Stories about Phil

Over the years, I have gotten many emails about people who met Phil. I saved these messages, as it seemed a shame to just keep them in my archives, or, worse yet, delete them. Some of them fill in details missing in the bios. So, I thought it would be nice to share these stories.

I have done minimal editing and have omitted last names or email addresses.

Andy says:

I saw Phil Ochs perform in a Washington, D.C. park in the Spring of 1969, the night before one of the major anti-Vietnam War demonstrations. It was shortly after the revelations of the bombing in Cambodia. There were hundreds of us camped out in the park, organized by geographic area and ready to march (and take other actions) the next morning. Hearing him in that setting was exactly right. The D.C. police rousted everyone around dawn the next morning, supposedly something about not having a permit.

Wayne says:

The famine verse from "There but for a Fortune", He sang that at his last N.Y.C. concert at Lincoln Center either 75 or 76. It was right after his performance on Don Kirschners Rock (whatever) where he sang "Changes" During the concert he shared with the audience that he had been on Kirschners Rock Concert. Some started to applaud. We started to boo. Phil looked over to us and said "thanks, some one still cares." During that concert he also expounded his theory that a military coup took over the government in 63 and ever since than they held the president hostage. He said we should all get machine guns, and do as the dictator in Argentina did fight til the death.

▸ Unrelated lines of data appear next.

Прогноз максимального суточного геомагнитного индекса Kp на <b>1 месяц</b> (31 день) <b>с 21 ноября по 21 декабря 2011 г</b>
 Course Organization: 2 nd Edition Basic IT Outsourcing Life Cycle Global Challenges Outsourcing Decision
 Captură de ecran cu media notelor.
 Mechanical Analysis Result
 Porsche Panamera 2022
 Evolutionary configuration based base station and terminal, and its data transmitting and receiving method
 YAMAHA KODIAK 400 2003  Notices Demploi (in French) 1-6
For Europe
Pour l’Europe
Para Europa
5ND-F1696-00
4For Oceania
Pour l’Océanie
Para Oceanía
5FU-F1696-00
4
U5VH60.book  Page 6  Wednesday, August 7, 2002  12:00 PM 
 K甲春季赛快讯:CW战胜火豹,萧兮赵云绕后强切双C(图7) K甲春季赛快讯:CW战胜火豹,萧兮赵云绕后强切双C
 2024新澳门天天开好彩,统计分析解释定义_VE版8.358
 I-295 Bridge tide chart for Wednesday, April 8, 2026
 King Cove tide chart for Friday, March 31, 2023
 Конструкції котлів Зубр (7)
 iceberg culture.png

In 68 I was at the republican national convention in Chicago. I saw Phil perform numerous times at the fountain.

Alan says:

I was in college from 1963 - 1971. I had the opportunity to see Phil Ochs many, many time; particularly in 1969 thru 1971. Also saw him every night while he performed at the Troubadour, in West Hollywood. As a college student of the time, I truly loved the genius of the man and the artist.

I used to follow him to various concerts that he would sing at, or at least where I thought he would be at. I wasn't disappointed!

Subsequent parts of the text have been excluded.